Graphical Representation: Overreaching in Data Visualizations

Graphical Representation
Graphical Representation Series 

One of the most important aspects to stress in the context of graphical design is the purpose of graphical representations and the medium in which they are communicated. For example, one needs to differentiate between the graphics propagated on the various media channels that target the public consumption and potential customers (books, newspapers, articles in paper or paperless form, respectively blog posts and similar content) and graphics made for organizational use (reports, dashboards or presentations).

If the former graphics are supposed to back up a story, the reader being led into one direction or another, the author having the freedom of choosing the direction and the message, in the latter, unless the content is supposed to support, persuade or force a decision, the facts and data need to be presented in an equidistant manner, in a form that support insights, decision making or further inference. This applies to data professionals as well to the business users preparing the data.
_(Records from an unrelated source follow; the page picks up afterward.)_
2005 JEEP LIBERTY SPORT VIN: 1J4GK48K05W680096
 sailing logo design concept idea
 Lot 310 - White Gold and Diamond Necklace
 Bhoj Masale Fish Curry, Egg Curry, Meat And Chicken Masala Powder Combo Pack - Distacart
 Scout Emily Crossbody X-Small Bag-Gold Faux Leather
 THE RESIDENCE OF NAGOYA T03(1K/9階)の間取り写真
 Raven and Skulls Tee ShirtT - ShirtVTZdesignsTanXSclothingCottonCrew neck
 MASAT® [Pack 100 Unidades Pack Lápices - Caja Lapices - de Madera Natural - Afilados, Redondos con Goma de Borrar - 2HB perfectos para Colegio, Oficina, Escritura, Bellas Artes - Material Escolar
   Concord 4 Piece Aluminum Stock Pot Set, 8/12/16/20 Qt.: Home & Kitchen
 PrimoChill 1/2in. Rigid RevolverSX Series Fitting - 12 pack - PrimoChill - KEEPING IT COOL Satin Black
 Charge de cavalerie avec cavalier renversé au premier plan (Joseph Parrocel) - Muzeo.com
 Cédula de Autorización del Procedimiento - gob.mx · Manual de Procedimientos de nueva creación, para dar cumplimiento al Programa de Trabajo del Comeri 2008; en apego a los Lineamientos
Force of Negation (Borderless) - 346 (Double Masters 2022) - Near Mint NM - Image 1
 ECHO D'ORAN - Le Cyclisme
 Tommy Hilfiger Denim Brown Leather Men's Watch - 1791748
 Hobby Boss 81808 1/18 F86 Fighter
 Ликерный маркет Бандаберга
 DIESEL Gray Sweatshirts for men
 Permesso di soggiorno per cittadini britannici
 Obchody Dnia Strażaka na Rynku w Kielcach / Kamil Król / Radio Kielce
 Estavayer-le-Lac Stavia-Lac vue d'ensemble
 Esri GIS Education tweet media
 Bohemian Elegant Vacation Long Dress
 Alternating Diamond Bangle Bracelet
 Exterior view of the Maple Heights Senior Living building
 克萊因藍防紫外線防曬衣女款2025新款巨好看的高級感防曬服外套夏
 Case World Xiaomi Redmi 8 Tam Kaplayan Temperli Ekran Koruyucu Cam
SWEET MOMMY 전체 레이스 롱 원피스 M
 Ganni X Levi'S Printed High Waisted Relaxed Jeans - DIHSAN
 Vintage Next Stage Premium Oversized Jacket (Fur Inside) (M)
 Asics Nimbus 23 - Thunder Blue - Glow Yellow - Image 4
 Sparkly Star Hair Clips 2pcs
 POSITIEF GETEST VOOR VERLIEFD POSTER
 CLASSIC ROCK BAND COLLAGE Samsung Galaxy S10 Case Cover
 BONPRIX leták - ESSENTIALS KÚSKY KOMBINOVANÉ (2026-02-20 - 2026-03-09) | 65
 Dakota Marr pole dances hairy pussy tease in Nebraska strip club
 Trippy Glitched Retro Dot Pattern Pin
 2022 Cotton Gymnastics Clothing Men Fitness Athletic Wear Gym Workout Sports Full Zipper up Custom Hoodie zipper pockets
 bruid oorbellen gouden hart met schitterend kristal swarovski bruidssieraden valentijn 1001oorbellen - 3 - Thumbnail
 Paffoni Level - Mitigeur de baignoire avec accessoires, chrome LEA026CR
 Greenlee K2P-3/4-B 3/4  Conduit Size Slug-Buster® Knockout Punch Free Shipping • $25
Data visualization authors tend to use the title and subtitle to highlight in reports and dashboards the most important findings as per their perception, sometimes even stating the obvious. One of the issues with this approach is that the audience might just pick up the respective information without further looking at the chart, missing maybe more important facts. Just highlighting an element in the graphic or providing explanatory headlines is not storytelling, even if it helps in the process. Ideally, the data itself as depicted by the visuals should tell the story! Further information with storytelling character should be provided in the presentation of the data and taylored accordingly for the audience!

With a few exceptions, the information and decisions shouldn't be forced on the audience. There are so many such examples on the various social networks in which data analysts or other types of data professionals seem to imply this in the content they share and this is so wrong on many levels!

No matter how deep a data professional is involved into the business and no matter how extensive is his/her knowledge about the systems, data and processes, the business user and the manager are the closest to the business context and needs, while data professionals might not be aware of the full extent. This lack of context makes it challenging to interpret the trends depicted by the data, respectively to associate the changes observed in trends with decisions made or issues the business dealt with. When such knowledge is not available the data professional tends to extrapolate instead of identifying the chain of causality together with the business (and here annotation capabilities would help considerably). 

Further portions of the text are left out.